Florenz Contemporary, Embassy of Italy, curated by Angelika Stepken, Berlin.
September - November 2015
It is becoming more and more common to find artists using archival material in their art projects. Today’s artists create all sorts of new projects by redefining fragments of the historical art world.
As you travel through the historic centre of Florence and her surrounding countryside it’s almost impossible to avoid coming across artistic scenes that have long lost their intrinsic value. We are continually bombarded by works of art which we never fully explore because of the sheer quantity, somewhat like the enormous mass of information that floods the world wide web, though the art world never spreads out to the same extent.
Every object contains a story that we could explore in depth, trying to discover all its characteristics.
The more we explore the more the history of art mutates, shifting like quicksand in front of our eyes.
The ways in which we interpret a work of art are influenced by the epoch in which we observe it, our education and a whole host of other factors. The art work itself gradually disintegrates
Every significant work of art spawns a large quantity of new art works that take something from it.
The artist’s modus operandi feeds continually from the works of the great masters, from bags of knowledge, stirring up the contents and enlarging apparently secondary aspects.

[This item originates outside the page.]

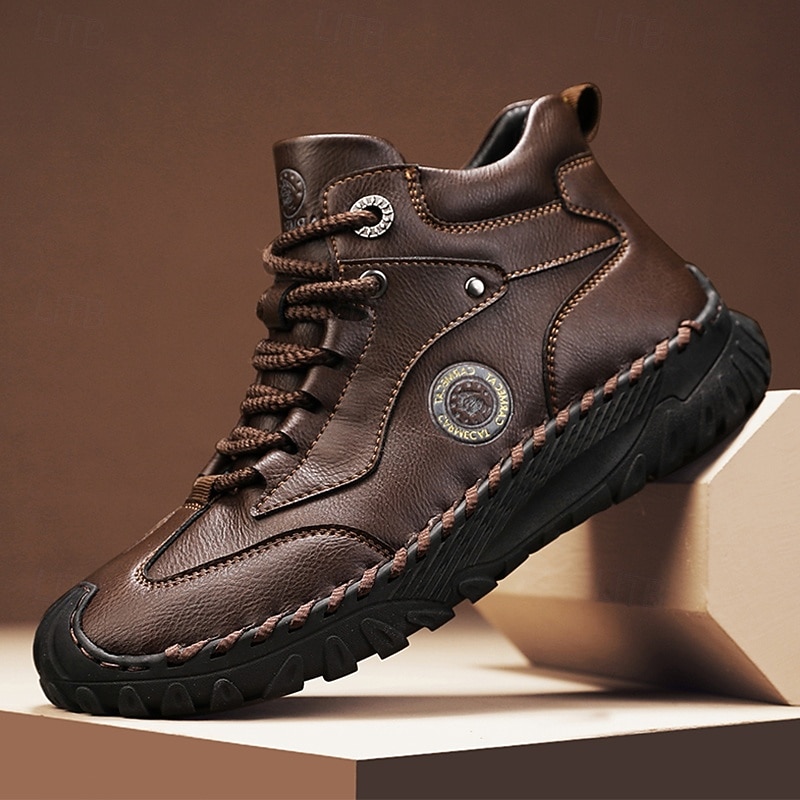 Men's Dark Brown Leather Lace-Up Casual Shoes with Round Toe and Soft Insole – Stylish Everyday Footwear for Office and Weekend Outings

It’s as though artists need an unstable base, to make their great art tradition into unexploded dynamite or new territory to explore. All sorts of events, losses, things that dissappear in time, derive from our heavy, organised art history, often bubbling up from a subculture that succeeds in elevating the value of fragmentary pieces taken out of context to create new works of art.
Wolf hunt with traps derived from a Squilli tapestry, now in the Palazzo Pitt vaults, created in 1566 from a drawing by Stradano. This tapestry, originally part of a series of tapestries, all depicting hunting scenes, is the only remaining one, the others having disappeared, possibly stolen from the Italian Embassy in Berlin during the second world war. The new Italian Embassy was almost ready for occupation, fully furnished, with the tapestries hanging on the walls, when war broke out, thus preventing the staff from entering. The building lay abandoned for many years, until it was restored and once again occupied in 2003. By then the tapestries had disappeared.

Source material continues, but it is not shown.